- What to do -
Go to the line below that has "Diagram of a", print it and each line after it exactly, and stop after the line that has "LAPIS LAZULI AND"; leave out pictures.

The records below:

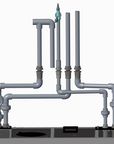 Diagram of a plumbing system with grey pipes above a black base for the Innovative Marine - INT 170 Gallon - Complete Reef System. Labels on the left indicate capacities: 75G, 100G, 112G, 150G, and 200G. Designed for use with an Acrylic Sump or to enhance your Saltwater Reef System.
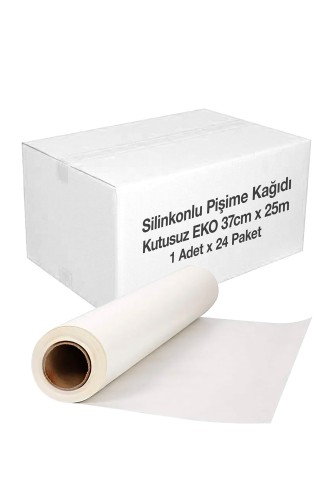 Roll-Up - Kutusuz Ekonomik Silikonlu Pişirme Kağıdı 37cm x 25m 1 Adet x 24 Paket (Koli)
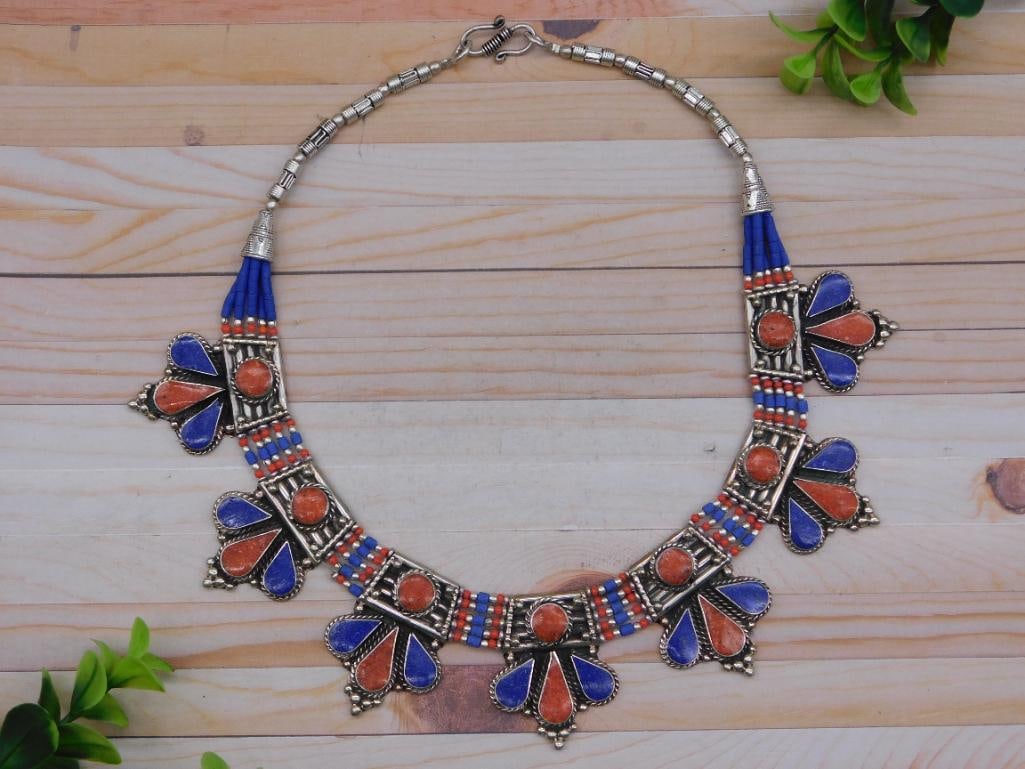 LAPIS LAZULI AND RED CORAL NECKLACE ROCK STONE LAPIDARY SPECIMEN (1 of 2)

End of The records.
The records below:

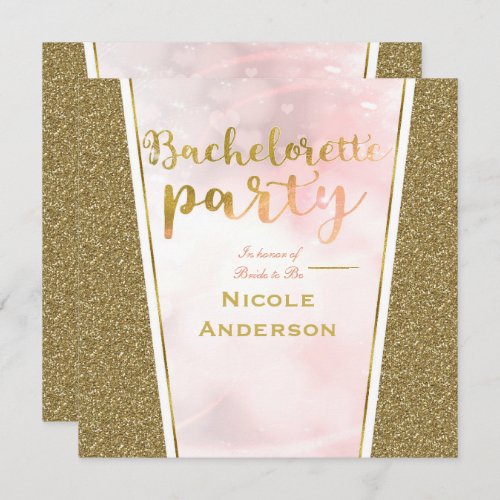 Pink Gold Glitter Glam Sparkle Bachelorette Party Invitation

End of The records.

- Output of the task -
 Diagram of a plumbing system with grey pipes above a black base for the Innovative Marine - INT 170 Gallon - Complete Reef System. Labels on the left indicate capacities: 75G, 100G, 112G, 150G, and 200G. Designed for use with an Acrylic Sump or to enhance your Saltwater Reef System.
 Roll-Up - Kutusuz Ekonomik Silikonlu Pişirme Kağıdı 37cm x 25m 1 Adet x 24 Paket (Koli)
 LAPIS LAZULI AND RED CORAL NECKLACE ROCK STONE LAPIDARY SPECIMEN (1 of 2)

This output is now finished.